Auerbach was born in Berlin in 1931 and came to England in 1939 as one of six children sponsored by the writer Iris Origo. It was part of a movement known as the Children’s transport who rescued thousands of Jewish children from Nazi-occupied Europe in the months before World War II.
Auerbach was 7 and never saw his parents again. Both were killed in the Auschwitz concentration camp.
“I did something that psychiatrists disapprove of, which is blocking things out,” Auerbach told the BBC eight decades later. “In my case, life is too short to worry about the past.”
He attended a Quaker-run boarding school in England with other refugees and war orphans, and after studies at St. Martin’s School of Art and the Royal College of Art in London, he devoted his life to painting.
He lived and worked in the same north London studio from 1954 until his death, working 364 days a year, according to his gallery.
Together with the other post-war artists of the “School of London”, including Francis Bacon, Lucian Freud and Leon Kossoff, he concentrated on figurative painting, regardless of changing artistic fashions. Auerbach smeared canvases in thick layers of paint to produce almost abstract but recognizable landscapes and somber, enclosed portraits.
Auerbach told the BBC earlier this year that the paintings’ “eccentric thickness” was “an involuntary byproduct of the fact that I went on and on and painted the whole picture from top to bottom over and over again.”
“All art comes from dissatisfaction,” he said.

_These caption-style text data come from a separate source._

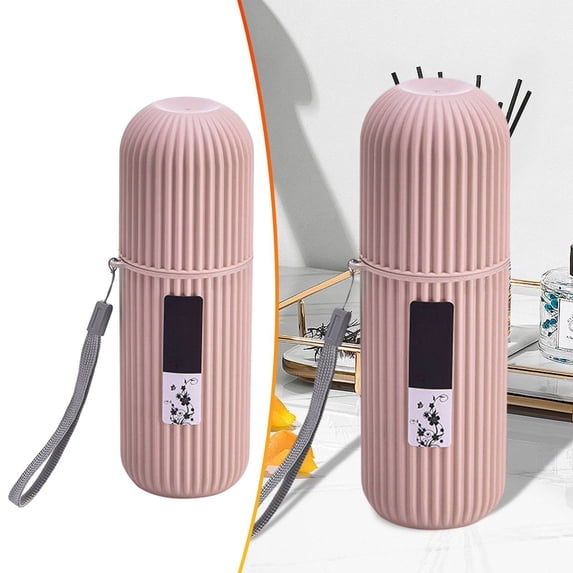 Portable Travel Toothbrush Holder Case, All-in-One Toothpaste and Mouthwash Cup for Camping and Trips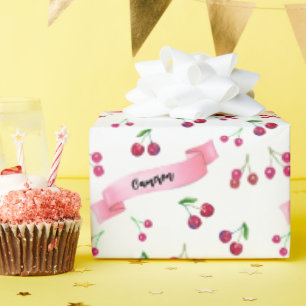 Waterverf Kersen Schattigee grillige gepersonalise Cadeaupapier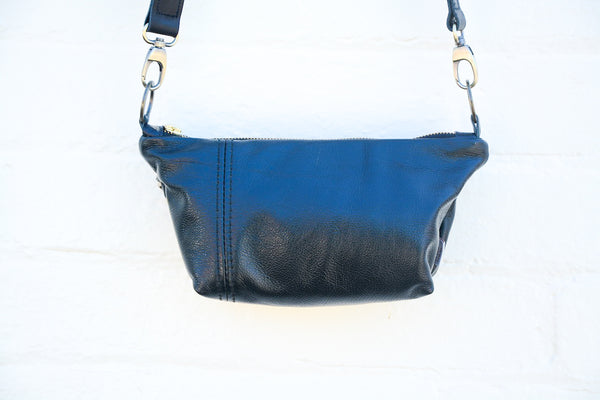 Trash bag! Black and Gold Stripe Re Purposed Leather Shoulder Bag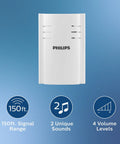 Wireless Doorbell Kit With Plug In Receiver And Push Button 150 Foot Range Four Volume Levels And Two Melodies Including Ding Dong And Westminster Easy Installation Battery Included Button No Wiring Needed Philips receiver with 150 ft range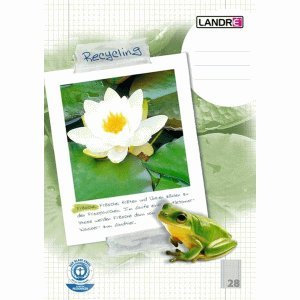 10 x Landre Schulheft Recycling A4 16 Blatt 80 g/qm Lineatur 28 kariert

Auerbach exhibited his work from the 1950s, but did not gain fame for another twenty years. His first retrospective was at the Hayward Gallery in London in 1978. He represented Great Britain at the Venice Biennale in 1986, winning the top prize of the Golden Lion. His most recent exhibition, Frank Auerbach: The Charcoal Heads, opened at the Courtauld Gallery in London in February.
Later in life his work brought high prices. In 2023, “Mornington Crescent” – one of many paintings inspired by the streets near his home – sold at Sotheby’s for $7.1 million, a record for the artist.
“We have lost a dear friend and remarkable artist, but we can take comfort in knowing that his voice will resonate for generations to come,” said Geoffrey Parton, director of Frankie Rossi Art Projects.
Auerbach is survived by his son Jacob Auerbach.